Surley Febbs, inside himself, fainted dead away. He had failed to read all the way down the notice. Of course the identity of the six concomodies on the Board was a matter of strict secrecy! And already he had told Mr. Rumford.

Or had he? Frantically, he tried to recall his exact words. Hadn't he merely said he received a notice? Oh God. If they found out—

"Thank you, Mr. Febbs," the female official said, and rang off. Febbs stood in silence, gradually hinging himself back together.

I'll have to call Mr. Rumford again, he realized. Make certain he thinks I'm quitting for health reasons.
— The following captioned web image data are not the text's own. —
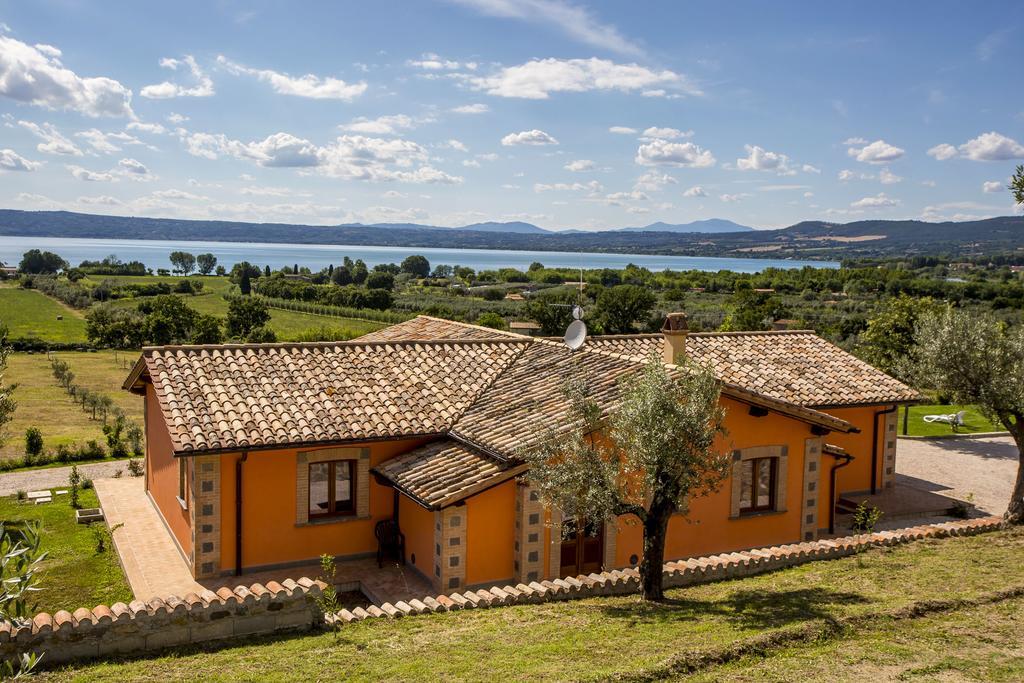 Agriturismo Parco Di Canuleio - Con Vista Sul Lago Больсена Екстер'єр фото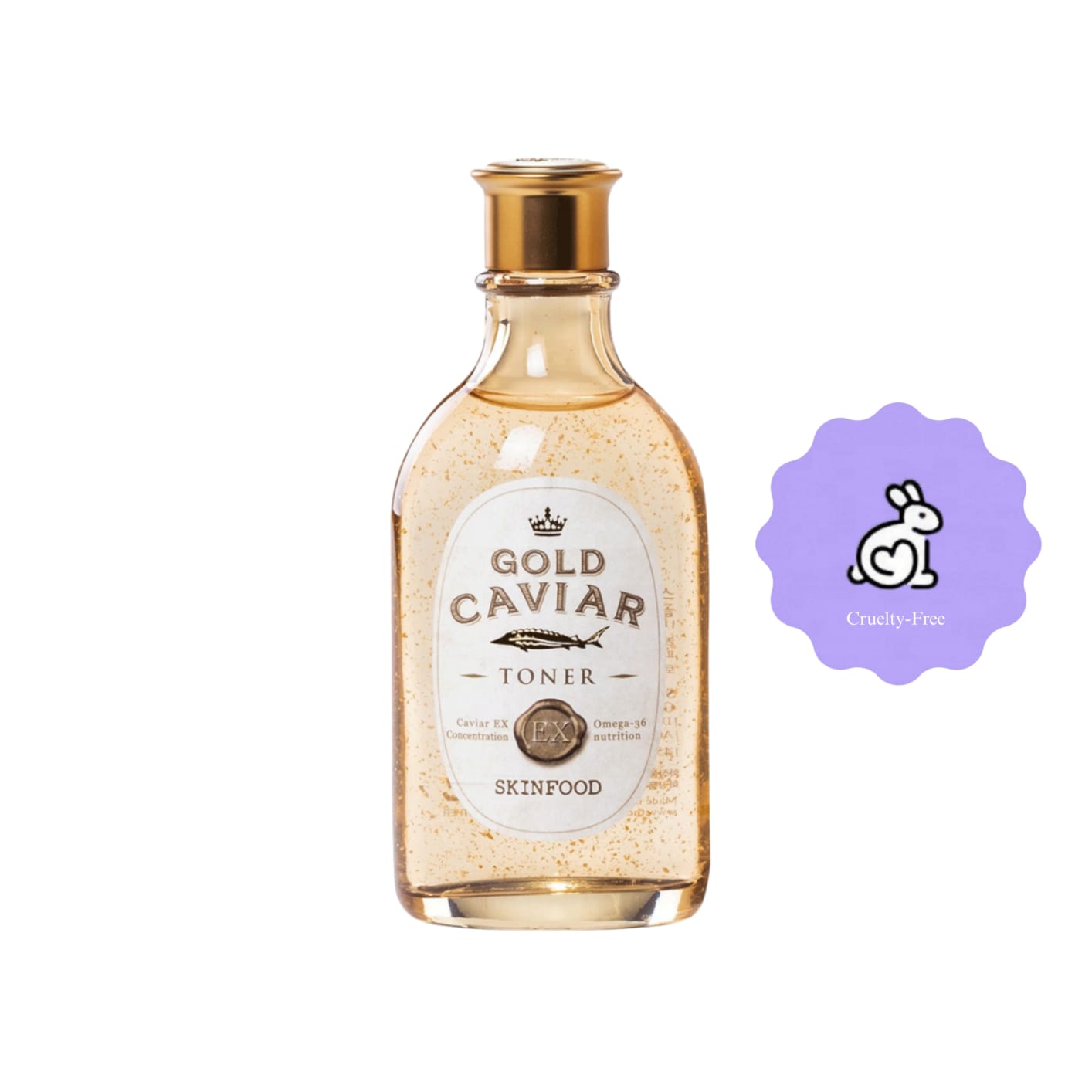 SkinFood Gold Caviar EX Toner 145ml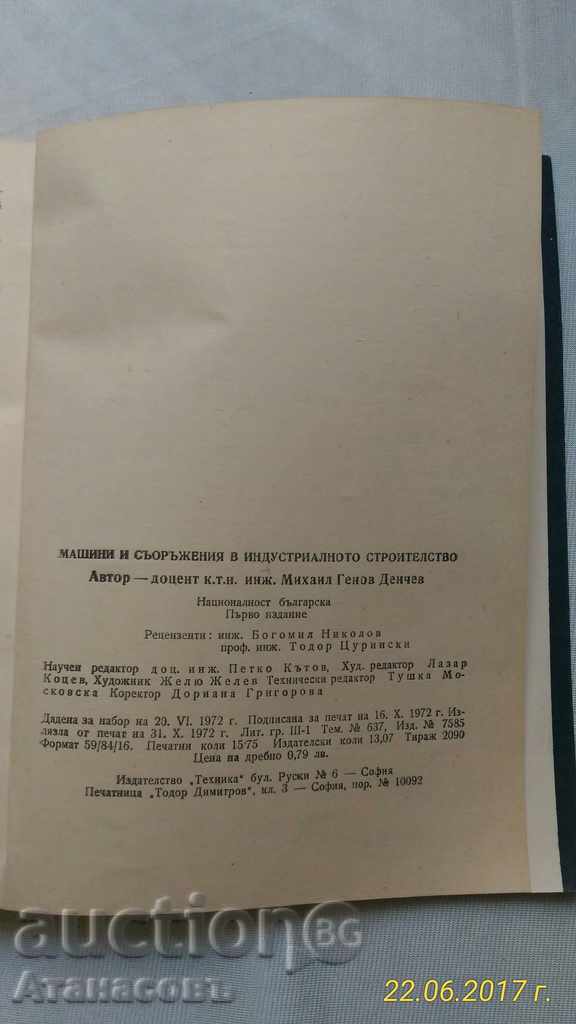Delivery of Machinery and equipment in industrial construction Delivery of Machinery and equipment in industrial construction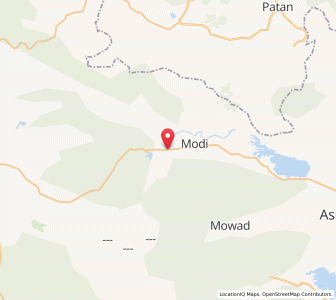 Map of Kerimeri, Andhra Pradesh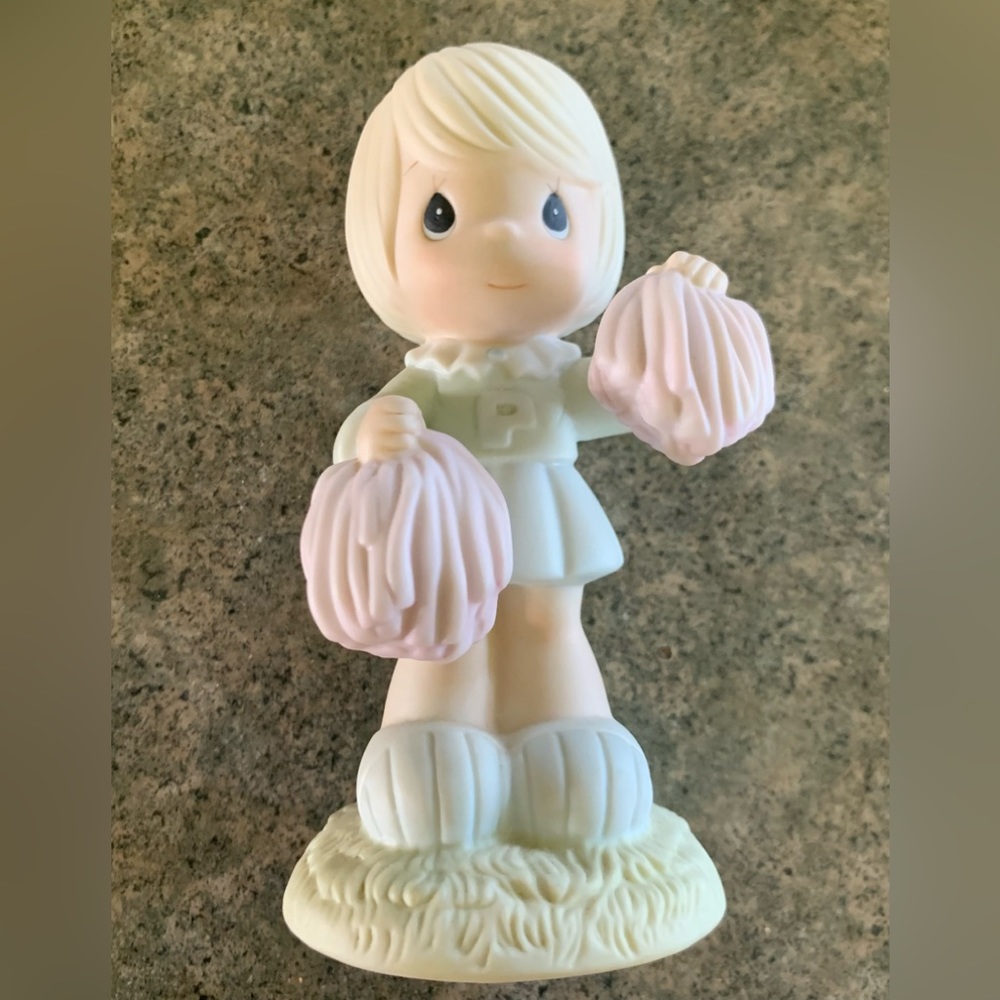 🎀3/$25🎀 Cheers To The Leader Precious Moments figurine, EUC - Picture 3 of 4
Some pretext. I've lost my conapt, have to leave the area. Anything!

He found himself shaking.

A new scene bloomed frighteningly in his mind.

General Nitz (grayly, with menace): So you told, Febbs.

Febbs: You need me, General. You really do! I can plowshare better than anyone drafted before—Univox-50R knows what it's talking about. In the name of God, sir! Give me a chance to prove my superior worth.

General Nitz (moved): Well, all right, Febbs. I can see you're not quite like anyone else. We can afford to treat you differently, because the fact is that in all my long years of dealing with all kinds of people I have never seen anyone as unique as you and it would be a distinct loss to the Free World if you decided not to stick with us and give us the benefit of your knowledge, experience and talent.

Reseating himself at his breakfast table. Febbs mechanically resumed the eating which had been interrupted.

General Nitz: Actually, Febbs, I'd even go so far as to say—

Aw, the hell with it, Febbs thought with growing, overwhelming gloom.

4

Toward noon the ranking engineer from Lanferman Associates of San Francisco and Los Angeles, the firm which produced the mockups and prototypes and whatnot from Lars Powderdry's sketches, showed up at the New York office of Mr. Lars, Incorporated.